### [Problem description]
Using the listing that follows, return every line with the word "This".

==== Data for analysis ====

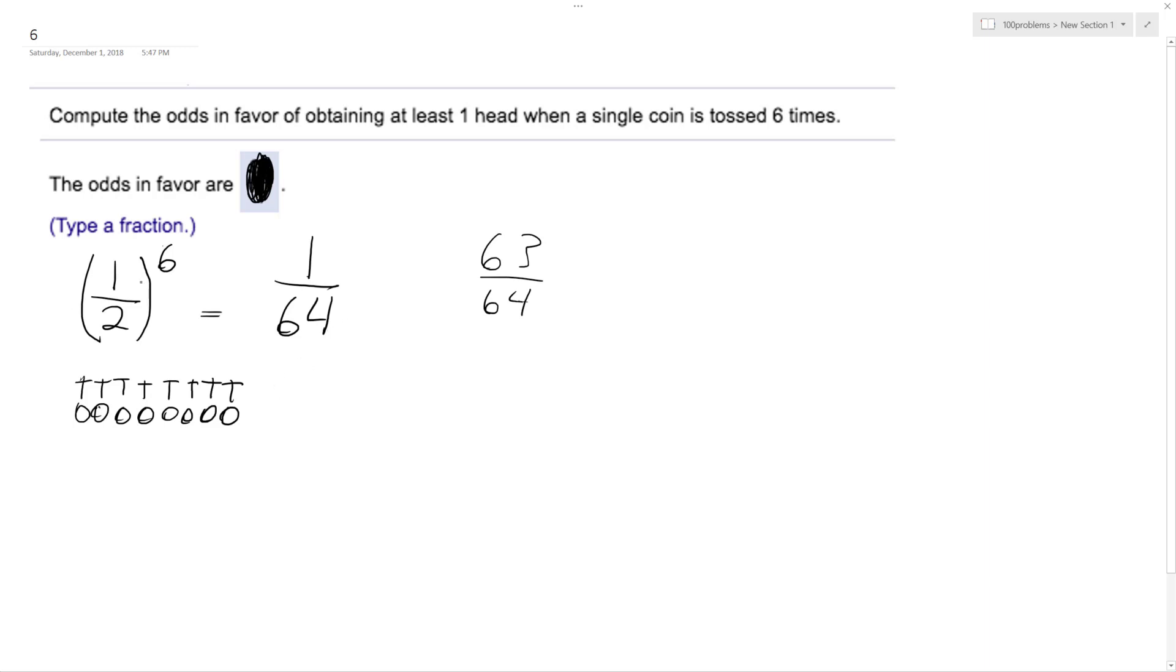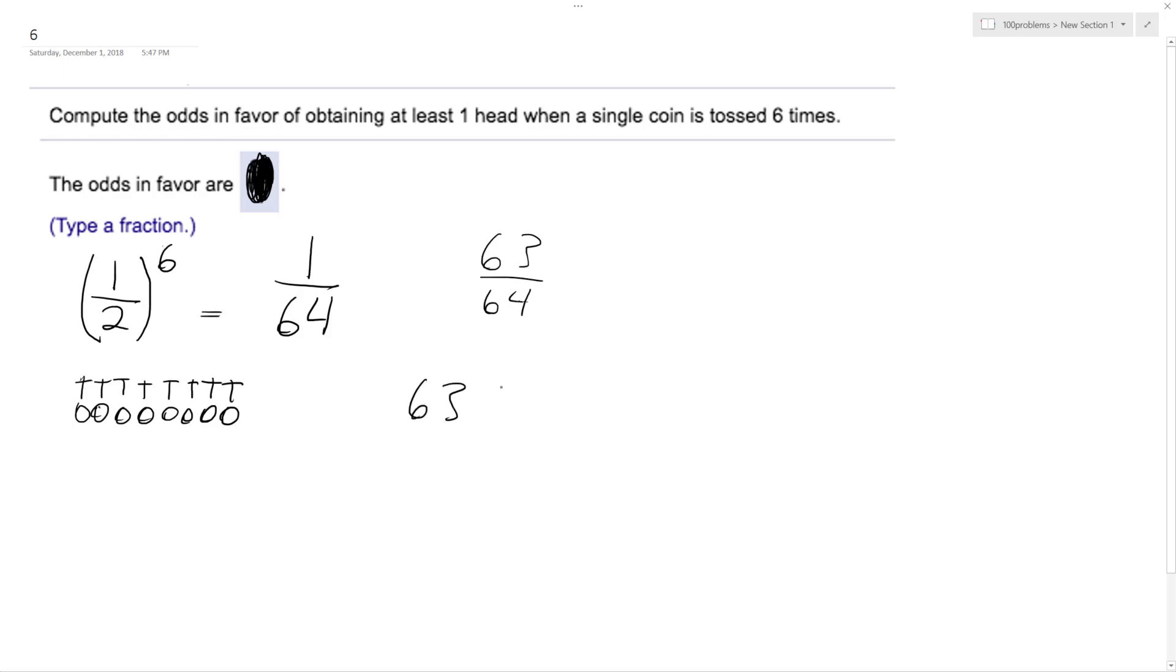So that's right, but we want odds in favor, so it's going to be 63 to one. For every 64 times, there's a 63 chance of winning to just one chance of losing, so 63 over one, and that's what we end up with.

====
==== Data for analysis ====

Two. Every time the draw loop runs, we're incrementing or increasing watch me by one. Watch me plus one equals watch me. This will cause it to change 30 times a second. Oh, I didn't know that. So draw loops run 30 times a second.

====
==== Data for analysis ====

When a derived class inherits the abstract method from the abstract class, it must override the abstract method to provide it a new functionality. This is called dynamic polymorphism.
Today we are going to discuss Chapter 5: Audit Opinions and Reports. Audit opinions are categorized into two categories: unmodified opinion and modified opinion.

====

### [Exercise output]
Two. Every time the draw loop runs, we're incrementing or increasing watch me by one. Watch me plus one equals watch me. This will cause it to change 30 times a second. Oh, I didn't know that. So draw loops run 30 times a second.
When a derived class inherits the abstract method from the abstract class, it must override the abstract method to provide it a new functionality. This is called dynamic polymorphism.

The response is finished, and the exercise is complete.